_Task requirements:_
Beginning with the line that holds "シックな黄金色の花の紫色のパターン |パーソナライズされた | ラゲッジタグ (裏面横)" and finishing with the line that holds "Panther Nation, please", repeat the listing exactly, leaving every picture out.

_Extracted records:_

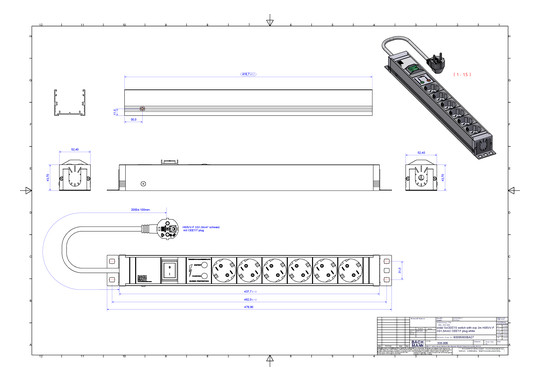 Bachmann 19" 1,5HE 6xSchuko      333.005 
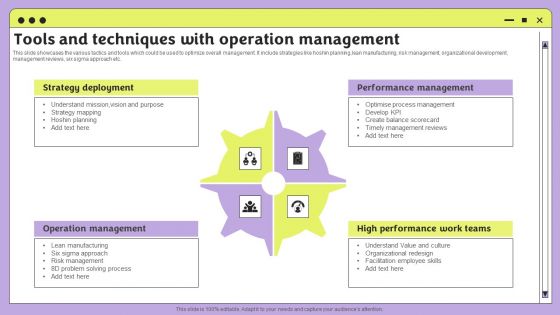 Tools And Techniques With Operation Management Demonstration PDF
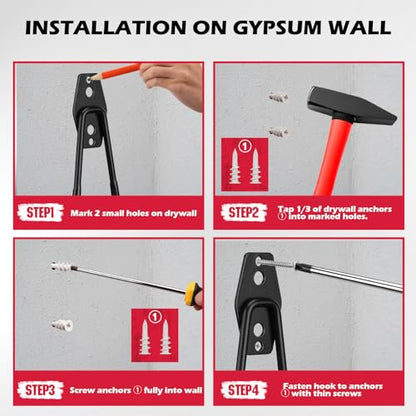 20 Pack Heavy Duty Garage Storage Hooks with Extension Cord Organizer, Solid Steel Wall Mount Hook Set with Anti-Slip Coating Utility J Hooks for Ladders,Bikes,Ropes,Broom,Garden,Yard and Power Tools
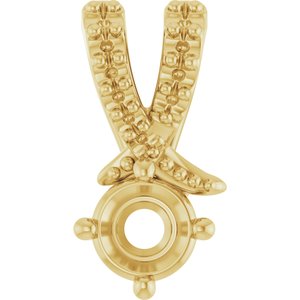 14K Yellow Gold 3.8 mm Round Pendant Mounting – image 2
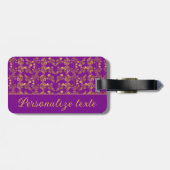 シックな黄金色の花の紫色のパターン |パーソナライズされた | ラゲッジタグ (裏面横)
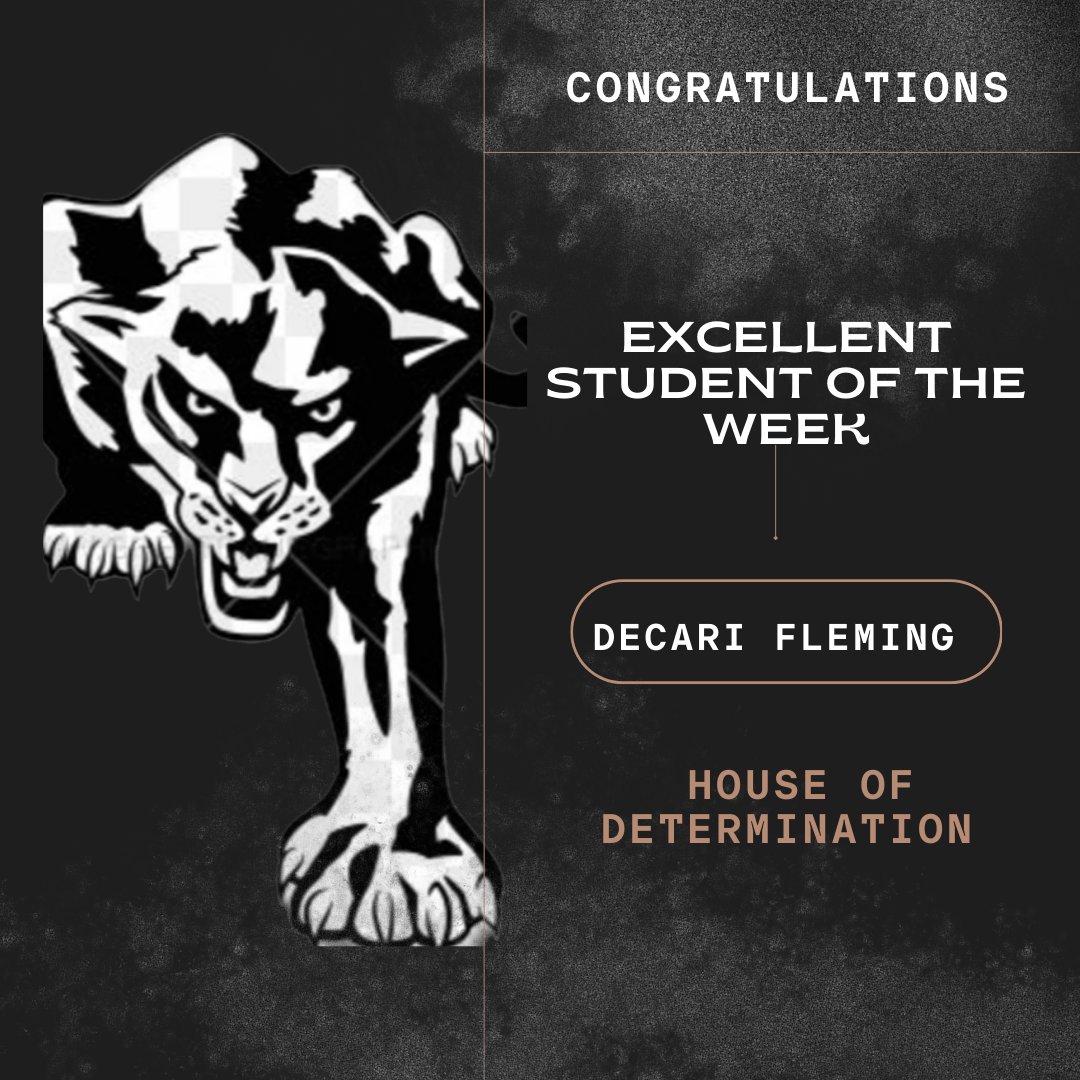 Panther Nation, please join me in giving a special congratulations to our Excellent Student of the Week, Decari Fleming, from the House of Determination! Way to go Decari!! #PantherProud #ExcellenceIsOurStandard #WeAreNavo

--

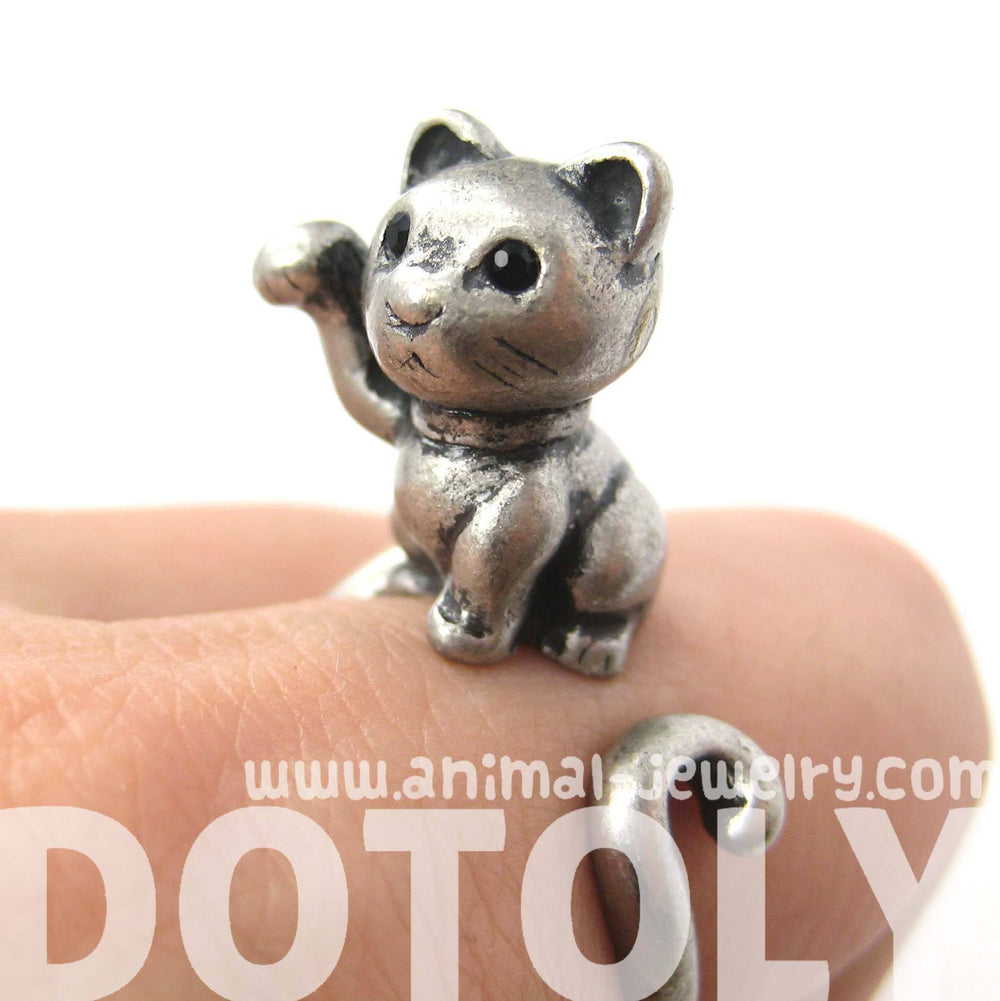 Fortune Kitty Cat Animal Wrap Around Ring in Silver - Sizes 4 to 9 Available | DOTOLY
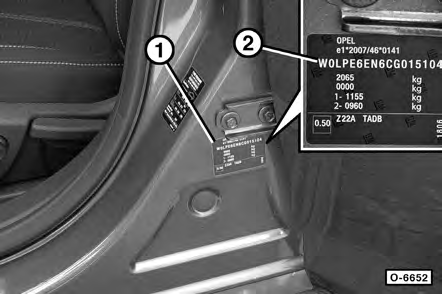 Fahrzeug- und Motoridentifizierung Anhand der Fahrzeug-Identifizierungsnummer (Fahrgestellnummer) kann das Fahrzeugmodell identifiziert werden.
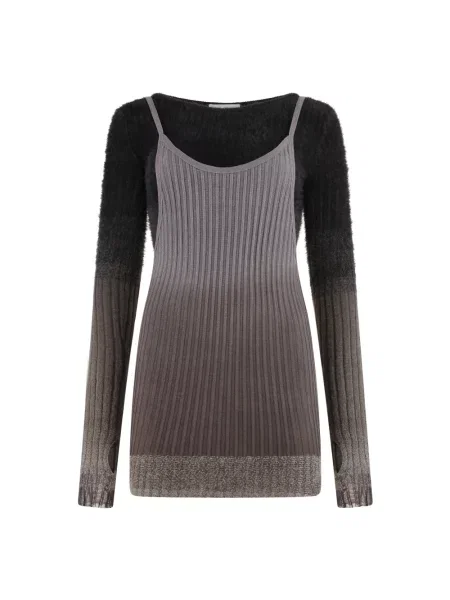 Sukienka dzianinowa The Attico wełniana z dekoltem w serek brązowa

_The completed task:_
 シックな黄金色の花の紫色のパターン |パーソナライズされた | ラゲッジタグ (裏面横)
 Panther Nation, please join me in giving a special congratulations to our Excellent Student of the Week, Decari Fleming, from the House of Determination! Way to go Decari!! #PantherProud #ExcellenceIsOurStandard #WeAreNavo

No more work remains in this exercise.